If you're a crotchety alumnus like me and believe that too many Cornell students are getting by at Cornell without studying enough the following is very good news: The paper, "Grade Information and Grade Inflation: The Cornell Experiment," was published in the Journal of Economic Perspectives. "It seemed like a very thorough evaluation, a very rational approach," said associate professor of nutritional sciences Charles McCormick, who presented the resolution on behalf of the senate's Educational Policy Committee. The Office of the University Registrar will continue to record median grades offline but make them available only to deans, department chairs and those needing the data for research.Cornell Chronicle: Faculty vote may help stop grade inflation :: Research by two Cornell professors provided the resolution's rationale. Assistant professor of economics Talia Bar, professor of marketing and economics Vrinda Kadiyali and an Israeli colleague of the two showed in a 2009 paper that the availability of "grade information online induced students to select leniently graded courses -- or in other words, to opt out of courses they would have selected absent considerations of grades."
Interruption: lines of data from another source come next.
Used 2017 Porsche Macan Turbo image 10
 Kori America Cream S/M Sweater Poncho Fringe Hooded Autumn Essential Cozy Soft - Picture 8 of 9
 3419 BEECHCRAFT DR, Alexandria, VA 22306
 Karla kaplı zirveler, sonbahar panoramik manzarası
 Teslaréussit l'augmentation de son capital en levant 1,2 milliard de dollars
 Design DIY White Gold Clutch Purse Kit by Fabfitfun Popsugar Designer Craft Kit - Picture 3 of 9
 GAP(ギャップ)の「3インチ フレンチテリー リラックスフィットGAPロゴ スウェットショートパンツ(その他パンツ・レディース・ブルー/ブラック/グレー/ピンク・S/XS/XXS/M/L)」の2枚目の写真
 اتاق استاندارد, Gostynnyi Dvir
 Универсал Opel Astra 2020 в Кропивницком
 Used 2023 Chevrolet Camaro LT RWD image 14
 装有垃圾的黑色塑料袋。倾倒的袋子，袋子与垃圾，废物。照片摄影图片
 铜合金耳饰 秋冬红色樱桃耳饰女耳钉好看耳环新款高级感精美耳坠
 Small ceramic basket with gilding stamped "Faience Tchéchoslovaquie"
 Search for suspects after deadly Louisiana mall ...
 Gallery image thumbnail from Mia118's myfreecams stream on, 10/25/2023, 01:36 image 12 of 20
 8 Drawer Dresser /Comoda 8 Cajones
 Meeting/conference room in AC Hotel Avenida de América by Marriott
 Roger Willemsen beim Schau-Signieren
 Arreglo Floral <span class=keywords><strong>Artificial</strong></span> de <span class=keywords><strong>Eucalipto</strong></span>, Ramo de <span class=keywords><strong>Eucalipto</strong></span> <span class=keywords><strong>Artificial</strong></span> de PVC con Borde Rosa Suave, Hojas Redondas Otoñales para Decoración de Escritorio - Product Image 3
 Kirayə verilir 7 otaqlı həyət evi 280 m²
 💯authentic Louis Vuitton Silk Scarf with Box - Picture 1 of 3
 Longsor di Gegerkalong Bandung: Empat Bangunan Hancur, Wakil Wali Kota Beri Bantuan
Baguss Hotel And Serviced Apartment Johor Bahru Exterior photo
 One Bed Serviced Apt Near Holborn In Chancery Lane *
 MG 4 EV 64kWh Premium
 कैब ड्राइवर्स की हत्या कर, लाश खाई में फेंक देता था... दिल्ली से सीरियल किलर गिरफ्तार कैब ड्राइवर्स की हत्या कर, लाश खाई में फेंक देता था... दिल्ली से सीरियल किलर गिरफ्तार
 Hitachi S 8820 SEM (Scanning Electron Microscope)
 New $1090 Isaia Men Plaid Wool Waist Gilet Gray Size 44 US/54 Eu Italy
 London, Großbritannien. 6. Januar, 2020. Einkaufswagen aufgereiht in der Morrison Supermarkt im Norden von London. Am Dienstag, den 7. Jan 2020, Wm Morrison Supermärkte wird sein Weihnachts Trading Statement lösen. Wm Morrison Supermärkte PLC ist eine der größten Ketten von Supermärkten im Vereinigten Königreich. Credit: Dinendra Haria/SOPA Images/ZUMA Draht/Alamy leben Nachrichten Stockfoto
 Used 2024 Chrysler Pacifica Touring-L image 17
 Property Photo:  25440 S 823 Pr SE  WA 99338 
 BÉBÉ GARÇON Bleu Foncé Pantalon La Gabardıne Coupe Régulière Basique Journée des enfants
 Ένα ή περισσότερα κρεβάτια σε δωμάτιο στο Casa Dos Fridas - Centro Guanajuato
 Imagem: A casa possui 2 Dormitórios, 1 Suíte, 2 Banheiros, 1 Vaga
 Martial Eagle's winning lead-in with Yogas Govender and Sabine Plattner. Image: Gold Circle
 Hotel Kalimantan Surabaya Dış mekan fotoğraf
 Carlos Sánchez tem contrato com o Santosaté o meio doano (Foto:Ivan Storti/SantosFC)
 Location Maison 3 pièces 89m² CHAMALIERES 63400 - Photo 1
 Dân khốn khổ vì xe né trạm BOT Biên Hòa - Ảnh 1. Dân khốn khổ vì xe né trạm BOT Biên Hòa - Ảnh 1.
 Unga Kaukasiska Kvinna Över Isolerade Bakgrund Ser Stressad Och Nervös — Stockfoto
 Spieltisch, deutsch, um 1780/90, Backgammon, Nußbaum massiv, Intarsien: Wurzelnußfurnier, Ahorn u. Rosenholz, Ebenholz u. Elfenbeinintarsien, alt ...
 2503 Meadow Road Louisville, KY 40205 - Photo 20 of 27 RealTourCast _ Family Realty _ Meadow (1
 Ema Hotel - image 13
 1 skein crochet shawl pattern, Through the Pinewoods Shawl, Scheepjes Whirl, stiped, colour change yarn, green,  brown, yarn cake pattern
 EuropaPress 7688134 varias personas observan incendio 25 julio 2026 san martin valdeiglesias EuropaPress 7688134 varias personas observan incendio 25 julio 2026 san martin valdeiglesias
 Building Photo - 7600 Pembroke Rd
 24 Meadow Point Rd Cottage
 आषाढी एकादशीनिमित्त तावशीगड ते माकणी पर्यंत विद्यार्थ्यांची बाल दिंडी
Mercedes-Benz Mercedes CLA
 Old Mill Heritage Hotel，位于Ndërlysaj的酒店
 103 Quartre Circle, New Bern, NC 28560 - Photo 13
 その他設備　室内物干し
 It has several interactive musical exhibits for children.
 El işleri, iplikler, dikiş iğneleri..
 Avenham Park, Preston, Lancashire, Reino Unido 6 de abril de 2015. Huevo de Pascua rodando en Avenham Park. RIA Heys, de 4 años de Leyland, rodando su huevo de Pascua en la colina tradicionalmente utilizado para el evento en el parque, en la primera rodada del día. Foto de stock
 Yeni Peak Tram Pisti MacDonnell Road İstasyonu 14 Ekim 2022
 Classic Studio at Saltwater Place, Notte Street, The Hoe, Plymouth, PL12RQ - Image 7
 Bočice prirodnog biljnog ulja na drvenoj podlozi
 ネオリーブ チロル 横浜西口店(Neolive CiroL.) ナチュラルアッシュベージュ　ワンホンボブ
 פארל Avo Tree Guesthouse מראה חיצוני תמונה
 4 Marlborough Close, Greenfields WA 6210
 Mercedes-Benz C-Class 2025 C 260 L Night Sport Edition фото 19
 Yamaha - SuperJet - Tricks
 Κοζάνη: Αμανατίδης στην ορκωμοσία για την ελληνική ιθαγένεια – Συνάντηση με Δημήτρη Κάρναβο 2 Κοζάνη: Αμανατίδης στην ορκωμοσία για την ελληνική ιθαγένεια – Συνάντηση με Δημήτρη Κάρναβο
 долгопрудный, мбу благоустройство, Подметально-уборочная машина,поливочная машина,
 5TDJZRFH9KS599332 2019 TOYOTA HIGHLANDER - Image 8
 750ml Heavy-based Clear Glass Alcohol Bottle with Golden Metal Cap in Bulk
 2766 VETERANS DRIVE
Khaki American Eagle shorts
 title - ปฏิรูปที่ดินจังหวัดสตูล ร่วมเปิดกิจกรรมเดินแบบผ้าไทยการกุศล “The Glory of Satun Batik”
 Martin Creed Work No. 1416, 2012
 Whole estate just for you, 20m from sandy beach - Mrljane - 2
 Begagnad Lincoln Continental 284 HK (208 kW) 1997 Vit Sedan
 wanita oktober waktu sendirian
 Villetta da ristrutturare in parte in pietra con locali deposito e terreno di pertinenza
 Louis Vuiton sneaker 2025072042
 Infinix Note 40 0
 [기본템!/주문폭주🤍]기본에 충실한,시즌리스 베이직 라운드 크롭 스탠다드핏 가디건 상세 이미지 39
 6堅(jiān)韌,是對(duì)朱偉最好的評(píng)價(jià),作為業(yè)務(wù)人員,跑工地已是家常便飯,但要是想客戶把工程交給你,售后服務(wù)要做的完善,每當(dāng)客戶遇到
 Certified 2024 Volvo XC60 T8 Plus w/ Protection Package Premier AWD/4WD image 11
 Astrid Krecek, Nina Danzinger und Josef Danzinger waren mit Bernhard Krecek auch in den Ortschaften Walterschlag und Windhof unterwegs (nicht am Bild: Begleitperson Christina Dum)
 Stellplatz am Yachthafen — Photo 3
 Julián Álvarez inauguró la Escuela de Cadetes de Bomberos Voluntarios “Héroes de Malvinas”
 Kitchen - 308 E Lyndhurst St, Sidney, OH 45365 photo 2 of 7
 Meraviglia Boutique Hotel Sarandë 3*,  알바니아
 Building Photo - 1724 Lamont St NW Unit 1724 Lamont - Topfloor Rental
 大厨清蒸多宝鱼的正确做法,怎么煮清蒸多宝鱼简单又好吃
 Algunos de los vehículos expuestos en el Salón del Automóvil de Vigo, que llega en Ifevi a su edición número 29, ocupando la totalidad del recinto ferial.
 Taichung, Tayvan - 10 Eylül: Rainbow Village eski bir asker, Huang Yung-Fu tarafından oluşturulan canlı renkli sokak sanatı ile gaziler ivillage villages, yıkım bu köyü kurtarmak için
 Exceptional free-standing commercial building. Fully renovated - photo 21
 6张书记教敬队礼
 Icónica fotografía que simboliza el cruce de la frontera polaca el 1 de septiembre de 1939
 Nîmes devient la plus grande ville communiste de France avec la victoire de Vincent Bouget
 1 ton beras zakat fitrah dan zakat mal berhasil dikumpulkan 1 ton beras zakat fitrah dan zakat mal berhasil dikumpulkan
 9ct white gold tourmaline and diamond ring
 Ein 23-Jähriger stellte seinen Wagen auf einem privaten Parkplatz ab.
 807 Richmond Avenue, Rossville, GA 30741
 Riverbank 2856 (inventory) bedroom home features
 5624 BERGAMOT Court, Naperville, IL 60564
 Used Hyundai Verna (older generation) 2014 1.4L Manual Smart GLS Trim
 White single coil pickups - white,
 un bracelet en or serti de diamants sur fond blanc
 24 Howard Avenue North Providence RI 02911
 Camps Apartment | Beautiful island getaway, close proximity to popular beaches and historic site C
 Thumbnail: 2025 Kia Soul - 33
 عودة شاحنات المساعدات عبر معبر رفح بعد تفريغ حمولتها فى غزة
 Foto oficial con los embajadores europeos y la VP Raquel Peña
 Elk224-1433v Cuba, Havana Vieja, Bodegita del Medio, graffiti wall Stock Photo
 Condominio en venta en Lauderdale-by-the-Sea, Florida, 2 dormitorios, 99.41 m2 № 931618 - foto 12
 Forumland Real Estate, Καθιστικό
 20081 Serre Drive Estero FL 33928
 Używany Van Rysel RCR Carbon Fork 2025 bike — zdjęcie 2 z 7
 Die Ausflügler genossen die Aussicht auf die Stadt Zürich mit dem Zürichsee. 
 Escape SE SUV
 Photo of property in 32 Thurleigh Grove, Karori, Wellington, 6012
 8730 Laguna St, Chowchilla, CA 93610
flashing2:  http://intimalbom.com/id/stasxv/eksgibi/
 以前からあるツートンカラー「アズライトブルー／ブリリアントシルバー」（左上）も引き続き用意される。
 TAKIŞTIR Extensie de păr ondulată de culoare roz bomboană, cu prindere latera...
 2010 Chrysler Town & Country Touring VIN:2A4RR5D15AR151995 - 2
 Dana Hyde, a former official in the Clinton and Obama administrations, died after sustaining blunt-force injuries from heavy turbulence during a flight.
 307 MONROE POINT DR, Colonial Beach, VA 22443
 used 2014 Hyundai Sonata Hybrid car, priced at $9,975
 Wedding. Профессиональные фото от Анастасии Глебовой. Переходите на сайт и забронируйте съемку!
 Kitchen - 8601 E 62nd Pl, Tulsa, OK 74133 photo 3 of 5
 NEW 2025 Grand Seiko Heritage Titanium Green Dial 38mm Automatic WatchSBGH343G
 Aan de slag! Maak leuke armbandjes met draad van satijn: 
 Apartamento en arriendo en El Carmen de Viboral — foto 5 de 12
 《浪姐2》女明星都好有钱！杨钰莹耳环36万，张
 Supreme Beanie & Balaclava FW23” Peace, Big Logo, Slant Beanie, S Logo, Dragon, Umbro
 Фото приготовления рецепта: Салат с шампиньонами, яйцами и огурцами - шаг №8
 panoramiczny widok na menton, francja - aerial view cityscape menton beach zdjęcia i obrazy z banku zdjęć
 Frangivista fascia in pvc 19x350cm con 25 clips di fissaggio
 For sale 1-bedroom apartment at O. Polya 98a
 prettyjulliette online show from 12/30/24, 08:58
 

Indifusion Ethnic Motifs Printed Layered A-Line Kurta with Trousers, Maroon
Posting median grades on transcripts is extremely helpful to employers and graduate schools, so keeping the grades on the transcript is a must. I recently reviewed a resume for a Cornellian, and let's just say that significantly-below median grades didn't help the job application at all.
Additionally, what I would love to see Cornell develop is some sort of 'normalized GPA' on student transcripts -- that takes into account the median grade of each of the student's courses -- which would help make comparisons across students (and their differing levels of course difficulty) easier. In this way, for instance, an engineer with an average grade of a B (with course medians of a B-) could better stand out against a Hotelie with an average grade of a B+ (with course medians of a B+). Granted, you could do this manually now, but one pre-calculated number on the transcript would be best.
I also wonder how much this move might disproportionately affect certain types of students over others. After all, for those students with strong social networks -- say the Greek system or an athletic team -- I'm certain gossip on which classes and professors are easier will easily substitute the median grades report.